As I was entering seminary a business friend gave me a recently released book about the spiritual life. The Celebration of Discipline: The Path to Spiritual Growth by Richard Foster (Harper and Row, New York: 1978) was the first book I read after announcing our decision to prepare for ministry. The very first sentence of chapter one still resonates strongly. Foster wrote, "Superficiality is the curse of our age...The desparate need today is not for a greater number of intelligent people, or gifted people, but for deep people". Maybe I've been in a time warp of some kind. Now, thirty-seven years later, the land-scape hasn't changed all that much. Depth is still our greatest cultural need.
Seminary training and endless study doesn't automatically morph us from the shallows of life to the deep water. But, even after six years as a bank executive and hospital administrator, both careers in the real world, seminary study immediately jerked me into thinking and living at another level. Suddenly I was thrust beyond the cubicle universe of calculating amortization rates or scheduling 2,000 employees, to the world of theological reflection and critical thinking. The earliest stages of seminary study challenged my memorization skills---dates, people, events, places of redemptive and church history, time-lines, and a whole new dictionary of theological words and phrases, not to mention authors and theologians who had marked the trail for us. They were the constants of three rigorous years of reading, writing, and restlessness.
That real world wasn't ivy-covered walls all the time. Nor was it a perpetual revival meeting. A bunch of empty men and women, drained by the demands of graduate study and hectic family life, soon discovered the discipline part of Richard Foster's writing, The Society of Friends scholar who had first warned me about life in the kiddie pool. And, this thing about the depths came into focus one afternoon on campus, under the trees, when I had a few minutes with Dr. John Steely, professor of historical theology. He was playing his dulcimer. accompanied by his son. It was really nice mountain music and a couple of students were sitting in the grass enjoying the break. After a while Dr. Steely asked my name and how things were going in those first months of study. He must have seen the weariness and questions in my face. After a few minutes of small talk he introduced me to some new names---Elton Trueblood, Thomas Merton, Henri Nouwen, and other historical figures who had experienced and written about life in the spirit. Dr. Steely spoke quietly about the need for an inner life, a reservoir from which the resources demanded from us would flow. It was a formative encounter. I never took a course under Dr. Steely. But, that under the tree class remains important to me today.

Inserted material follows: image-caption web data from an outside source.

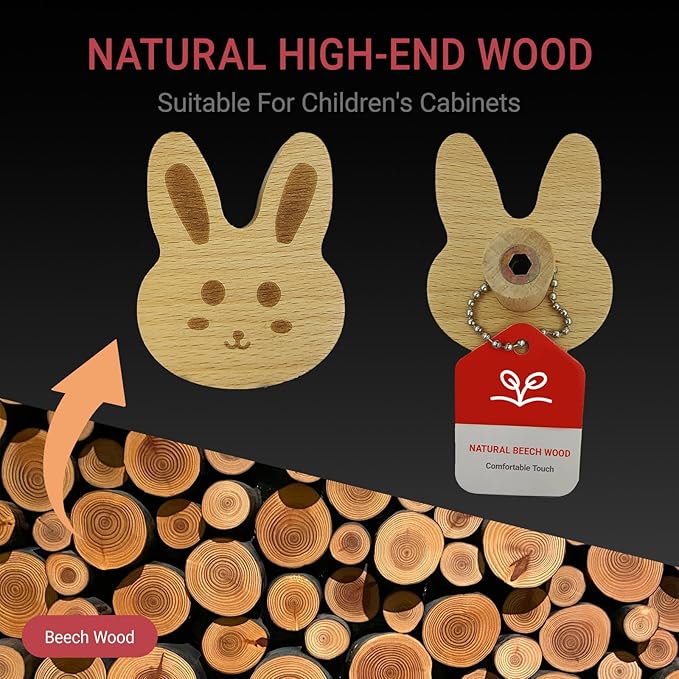 4PCS Wooden Rabbit Shaped Cabinet Knobs, Cabinet Handles, Single Hole Beech Wood Handles, Wood Hooks with Full Set of Screw Accessories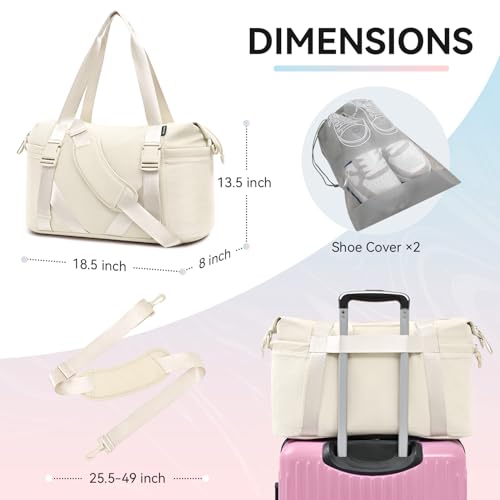 MAXTOP Women's Yoga Gym Bag with Yoga Mat Holder, Duffle Tote Bag for Travel, Workout, Overnight, Dance, Sports, Pilates, Beige - Image 3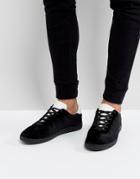 Asos Retro Sneakers In Black Velvet - Black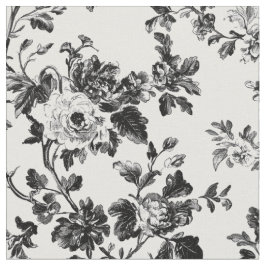 Zwart-Witte Bloemranken Stof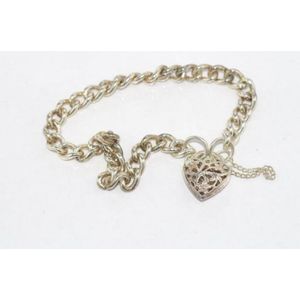Heart Lock Silver Bracelet - Bracelets/Bangles - Jewellery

Going deep isn't my normal habitat. By natural strength I'm basically up front, easy to read, not very deliberative, quick with an answer, fast on the draw, simple, you know, life on the surface. Usually when I'd take a standardized test I thought the winner was the one who finished first. Many seminary classes moved us, however, beyond the memory lists, past the recitations, into the arena of thought. We read and read and read. Then, wrote, and wrote, and wrote. In that middle year, though, things took a turn and we were challenged to think, and think, and think. To pray, and pray, and pray. To analyze, deliberate, discuss, debate, and probe. Discipline entered the picture, and we were challenged to explore the disciplines of Christ, and to make them our very own. All the dates and places and people and times and events were the peripheral learnings. The central piece was personal spiritual growth.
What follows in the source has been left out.